今年のHeart Rhythm 2023は、5月19日~21日の間、ニューオーリンズのErnest N.Morial Con-vention Centerで開催された。発表およびディスカッションが活発に行われ熱気を感じる学会であった。以下の2演題をピックアップした。
Late Breaking Clinical Trials and Scienceで、米国のLakkireddyらは、MONITOR AF Studyの結果を報告した。植え込み型心電計(ICM)を導入した心房細動(AF)患者と導入しなかったAF患者(Non-ICM)を登録した。合計2458人の患者が登録された(ICM群-1152人、Non-ICM群-1306人)。患者背景は、平均年齢73 vs 74歳、男性65 vs 62%、発作性AF68 vs 65%だった。平均24カ月の追跡調査において、抗不整脈薬開始までの期間(36 vs 46日)、初回アブレーションまでの期間(5 vs 14カ月)、再アブレーションまでの期間(73 vs 165日)は、ICM群がNon-ICM群に比べ短かった。脳卒中または一過性脳虚血発作、AF関連入院、心不全関連入院、出血性合併症もICM群がNon-ICM群に比し少なかった。Lakkireddyらは、「ICMを用いたAF管理は標準管理よりも優れており、AF関連合併症を減らした」と結論付けた。 【筆者の感想】ICM群の有益性が脳卒中等のハードエンドポイントで証明された意義は大きい。会場でも拍手が起きていた。しかし侵襲的かつ高額なICMをAF患者にすべからく使うことは現実的でない。近年普及してきた7日間ホルター心電図を上手く工夫して使用すれば同様の結果が得られるのではないだろうか?興味を覚えた。

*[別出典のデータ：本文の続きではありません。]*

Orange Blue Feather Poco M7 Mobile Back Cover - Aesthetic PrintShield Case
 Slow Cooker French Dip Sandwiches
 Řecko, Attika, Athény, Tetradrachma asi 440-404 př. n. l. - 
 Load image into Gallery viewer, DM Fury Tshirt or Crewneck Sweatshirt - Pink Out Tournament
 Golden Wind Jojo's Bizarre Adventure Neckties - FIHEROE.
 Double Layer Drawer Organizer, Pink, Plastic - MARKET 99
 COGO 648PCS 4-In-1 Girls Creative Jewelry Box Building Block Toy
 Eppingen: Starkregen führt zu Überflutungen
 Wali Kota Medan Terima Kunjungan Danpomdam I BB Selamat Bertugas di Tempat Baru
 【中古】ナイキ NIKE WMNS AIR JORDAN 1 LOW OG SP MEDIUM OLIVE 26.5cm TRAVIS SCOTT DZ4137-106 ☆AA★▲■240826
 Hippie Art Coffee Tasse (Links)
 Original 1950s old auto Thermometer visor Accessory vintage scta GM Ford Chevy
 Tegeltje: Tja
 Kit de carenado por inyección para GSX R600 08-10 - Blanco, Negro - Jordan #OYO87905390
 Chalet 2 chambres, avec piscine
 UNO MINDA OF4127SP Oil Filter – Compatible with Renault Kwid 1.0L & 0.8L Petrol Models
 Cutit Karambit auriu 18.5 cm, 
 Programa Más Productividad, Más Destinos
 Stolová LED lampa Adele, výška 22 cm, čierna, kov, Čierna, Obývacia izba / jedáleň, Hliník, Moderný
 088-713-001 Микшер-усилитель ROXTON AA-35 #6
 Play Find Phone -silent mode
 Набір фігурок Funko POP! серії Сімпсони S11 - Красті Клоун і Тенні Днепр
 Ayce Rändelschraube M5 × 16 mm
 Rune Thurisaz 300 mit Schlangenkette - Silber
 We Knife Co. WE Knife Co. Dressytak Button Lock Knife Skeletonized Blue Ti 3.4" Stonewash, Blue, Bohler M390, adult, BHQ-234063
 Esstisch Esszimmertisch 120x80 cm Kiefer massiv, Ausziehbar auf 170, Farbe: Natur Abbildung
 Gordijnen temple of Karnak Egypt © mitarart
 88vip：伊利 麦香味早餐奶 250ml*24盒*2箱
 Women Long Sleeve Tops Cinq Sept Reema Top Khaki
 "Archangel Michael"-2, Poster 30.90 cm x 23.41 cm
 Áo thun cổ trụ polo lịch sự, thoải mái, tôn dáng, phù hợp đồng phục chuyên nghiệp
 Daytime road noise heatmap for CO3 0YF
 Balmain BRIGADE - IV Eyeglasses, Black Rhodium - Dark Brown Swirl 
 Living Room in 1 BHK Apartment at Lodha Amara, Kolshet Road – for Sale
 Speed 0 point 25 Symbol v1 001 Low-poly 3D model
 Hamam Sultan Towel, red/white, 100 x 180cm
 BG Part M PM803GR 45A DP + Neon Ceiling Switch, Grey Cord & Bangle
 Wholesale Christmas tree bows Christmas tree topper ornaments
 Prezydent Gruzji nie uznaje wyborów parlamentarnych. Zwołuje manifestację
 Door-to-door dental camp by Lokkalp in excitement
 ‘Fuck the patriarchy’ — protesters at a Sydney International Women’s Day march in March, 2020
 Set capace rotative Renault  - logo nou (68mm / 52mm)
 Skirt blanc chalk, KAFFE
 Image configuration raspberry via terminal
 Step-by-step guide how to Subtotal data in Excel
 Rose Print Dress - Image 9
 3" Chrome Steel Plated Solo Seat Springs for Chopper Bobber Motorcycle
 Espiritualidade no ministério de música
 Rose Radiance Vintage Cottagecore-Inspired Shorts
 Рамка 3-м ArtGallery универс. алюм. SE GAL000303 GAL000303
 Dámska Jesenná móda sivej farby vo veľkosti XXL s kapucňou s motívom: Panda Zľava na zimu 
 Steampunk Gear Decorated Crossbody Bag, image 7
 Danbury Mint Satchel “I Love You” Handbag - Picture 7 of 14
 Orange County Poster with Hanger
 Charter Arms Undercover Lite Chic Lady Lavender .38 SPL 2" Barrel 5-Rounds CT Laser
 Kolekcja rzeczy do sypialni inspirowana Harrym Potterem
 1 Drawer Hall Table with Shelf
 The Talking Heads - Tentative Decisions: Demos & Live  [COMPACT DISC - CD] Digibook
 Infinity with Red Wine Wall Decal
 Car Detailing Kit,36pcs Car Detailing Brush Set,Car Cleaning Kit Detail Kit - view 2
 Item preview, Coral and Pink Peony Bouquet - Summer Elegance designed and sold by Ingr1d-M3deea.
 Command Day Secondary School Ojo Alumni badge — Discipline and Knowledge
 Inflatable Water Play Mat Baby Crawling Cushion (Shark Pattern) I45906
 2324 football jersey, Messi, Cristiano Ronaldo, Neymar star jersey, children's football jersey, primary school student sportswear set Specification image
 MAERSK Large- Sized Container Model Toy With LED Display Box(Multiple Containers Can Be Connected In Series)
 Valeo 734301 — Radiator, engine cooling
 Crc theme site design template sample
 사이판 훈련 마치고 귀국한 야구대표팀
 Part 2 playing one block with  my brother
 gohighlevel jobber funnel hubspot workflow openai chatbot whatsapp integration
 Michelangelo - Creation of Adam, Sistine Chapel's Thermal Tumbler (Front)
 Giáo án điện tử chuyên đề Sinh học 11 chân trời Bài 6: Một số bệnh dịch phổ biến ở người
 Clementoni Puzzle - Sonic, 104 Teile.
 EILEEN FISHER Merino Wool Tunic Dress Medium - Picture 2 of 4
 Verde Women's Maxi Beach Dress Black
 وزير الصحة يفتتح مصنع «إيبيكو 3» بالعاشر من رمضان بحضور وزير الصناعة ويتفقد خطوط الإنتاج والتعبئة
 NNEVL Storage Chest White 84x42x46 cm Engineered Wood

一般口述発表で、韓国のChoiらは、国民健康保険サービスを利用して、2年以内に診断された糖尿病を有するAF患者を、1年以内に早期リズムコントロールを受けた群と通常治療群に分けた。患者数は47,509人(年齢66.7歳、男性61.8%)で平均追跡期間は4.3年。多変量解析で、早期リズムコントロールは虚血性脳卒中リスクを23%、大血管合併症を21%、微小血管合併症を13%、総死亡を8%減らした。この早期リズムコントロールの有益性は、糖尿病の既往(5年未満 vs 5年以上)、糖尿病治療薬数(3未満 vs 3以上)にかかわらず認められた。Choiらは、「糖尿病AF患者における早期リズムコントロールは、糖尿病性合併症を減らすうえで有益である」と結論付けた。 【筆者の感想】EAST-AFNET41)を機に、早期リズムコントロールの有益性がクローズアップされている。ただ早期リズムコントロール群と通常治療群の差は大きくはない1)。どのような背景を持った患者に早期リズムコントロール群が適しているかを明らかにする必要がある。「糖尿病」を「心不全」に置き換えたら、どういう結果が得られるのだろうか?興味を覚えた。 さて、2005年8月末に米国南東部を襲ったハリケーン・カトリーナの惨状からニューオーリンズは確実に復興していた。フレンチクオーターも、2016年AHAで訪れた時より賑やかであった。オイスターバーで食べた殻付きの生ガキ、焼きガキはとてもおいしかった。ボストンで開催されるHeart Rhythm 2024が今から楽しみである。